A super storytelling technique they used early on is to build a moment of suspense early on in the story arc. But, unfortunately, they got on the wrong train!
This again created intrigue in the viewer’s minds as to what would happen. What is particularly good is how it carries on like it’s filmed on a amateur camera, since the crew was left behind.
It gives it a more natural feel like they are speaking from personal experience. Viewers can almost picture themselves in those seats with their friends and family, like just two mates on a train.
The interactions with fellow passengers also have some beautiful moments of emotion. From Noah, who was bemused when a kid wanted a picture with Federer over him, to a lady buying them train tickets.
The story also has a nostalgic feel, where Federer recounts each time he sees the views he is inspired by.
Scenes to be inspired by
One of the best memory structure-building techniques, according to System 1, is presenting a sense of place. And what better than a tour of the great Swiss scenery?
It’s a view to envy and a lifetime experience to have. The videography is masterful, with zoomed-in and out scenes to bring this to life.
Grand Train Tour
I love how they choose to focus on the Grand Train Tour. There are so many amazing things to do and see in Switzerland, so why a train journey?
Beyond being iconic and certainly not to miss out on, I think it has to do with memory building.
In a recent article in Marketing Week, Richard Shotton & Will Hanmer-Lloyd, identified a study done by Duncan Godden and Alan Baddeley at the University of Sterling asked divers to learn words underwater, and on the beach. They found that participants were far better able to recall the underwater words when back underwater than on dry land.
In the same way, someone will likely remember your ad if it sits within a familiar context.

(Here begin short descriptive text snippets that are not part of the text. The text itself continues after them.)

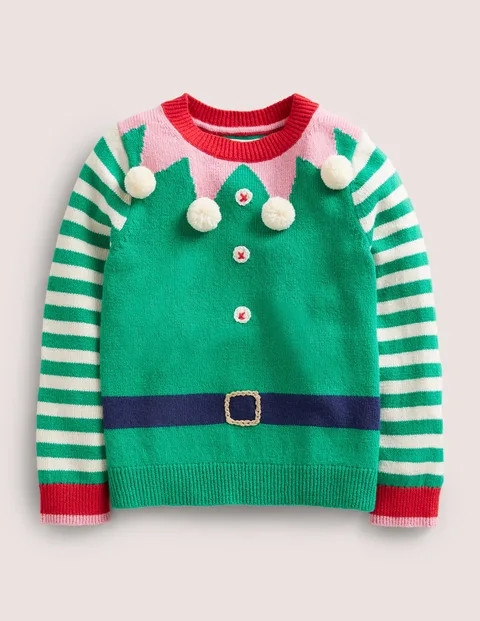 Festive Logo Jumper Green Pepper Elf Girls Boden | Boden (US)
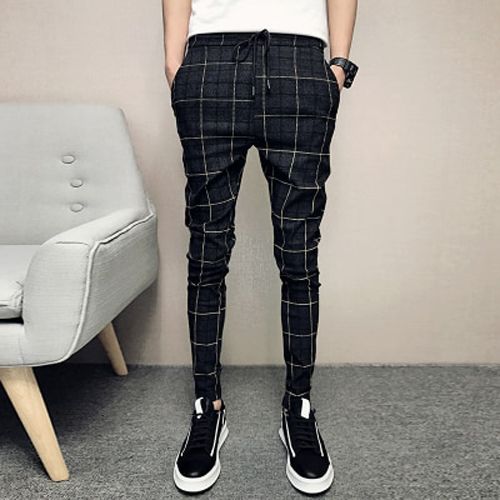 New Pants Men Slim Fit British Plaid Mens Pants Fashion Summer Casual Young Man Hip Hop Trousers Male
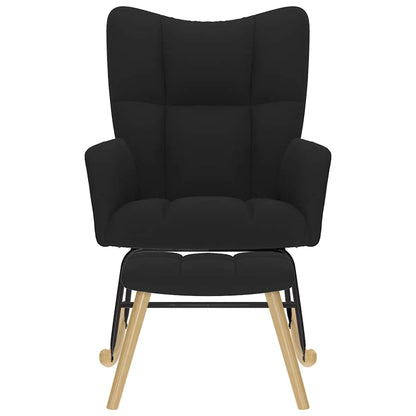 Poltrona a Dondolo con poggiapiedi Nero in Tessuto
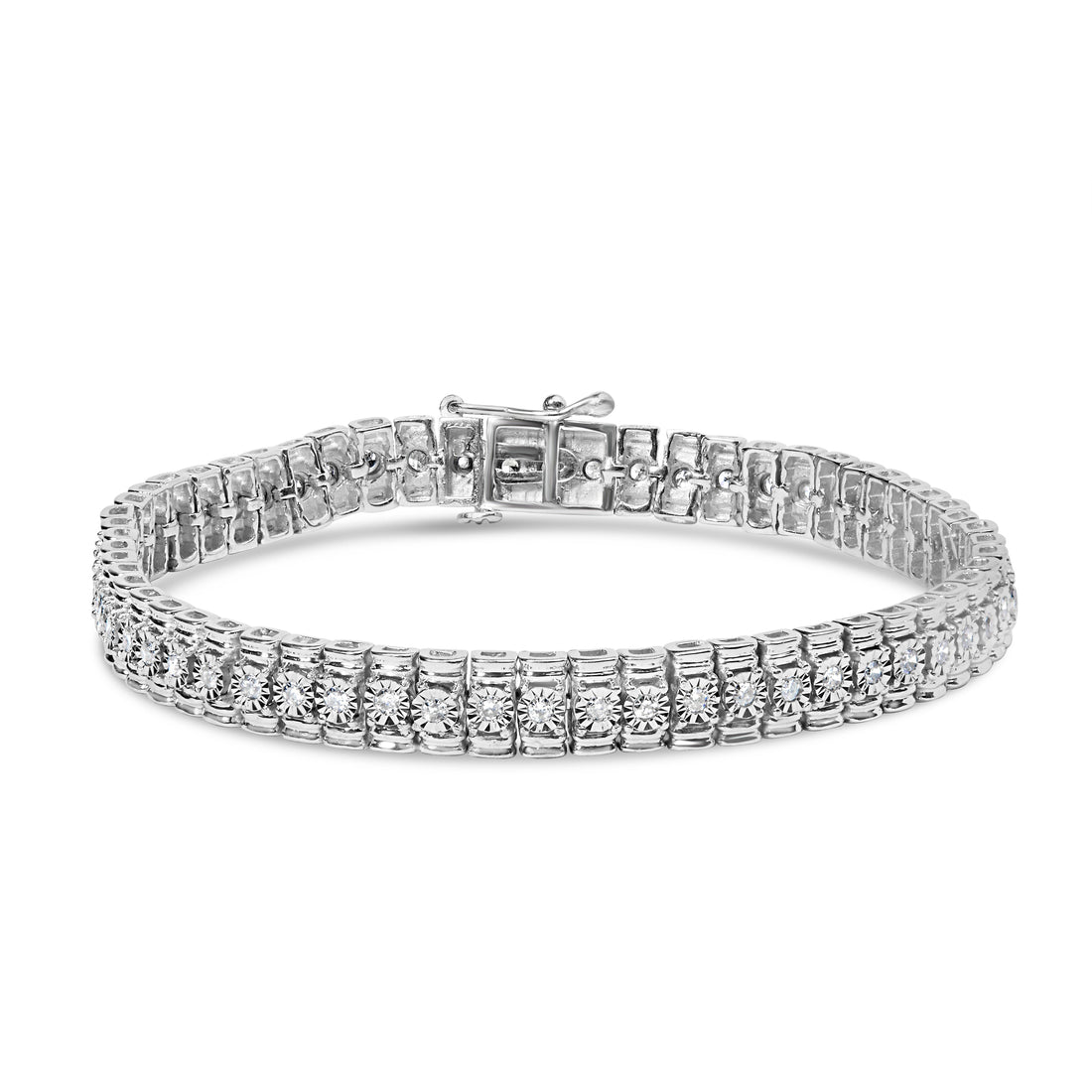 .925 Sterling Silver 1.0 Cttw Diamond Collar Line Link Bracelet (I-J Color, I1-I2 Clarity) - Size 7.25" Inches  DestGlow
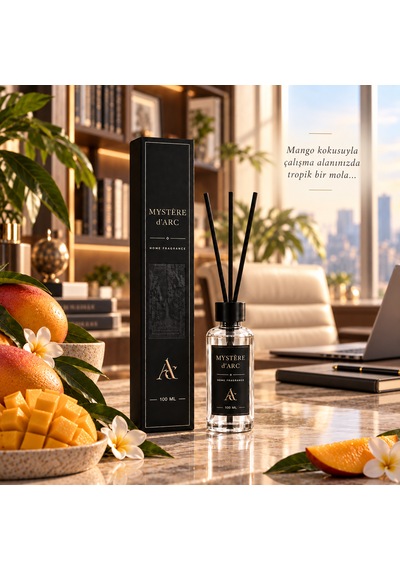 Premium Oda Kokusu Bambu Çubuklu Beyaz Şişe 100 Ml Mango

Most people’s daily commutes involve a train, which is far less luxurious and comfortable than the one our dynamic duo are on.
So by placing the scene on a train, people will watch the ad and think about their daily train journeys. So again, it’s likely the comparison will only lead to a heightened desire to be on the Swiss train over their own.
The final piece to the puzzle is the calming instrumental music that can be heard in the background. It’s exactly how it should be on a calming train journey and makes the viewer relax in the advert.
It’s an impressive ad that has been pulled off in world-class style. But remember, it’s essentially a brand ad over a performance-based one. However, the evidence does show that brand ads can have powerful short-term effects. And for me, I’m now trying to convince Mrs that Switzerland will be our next family holiday. Ah the power of advertising!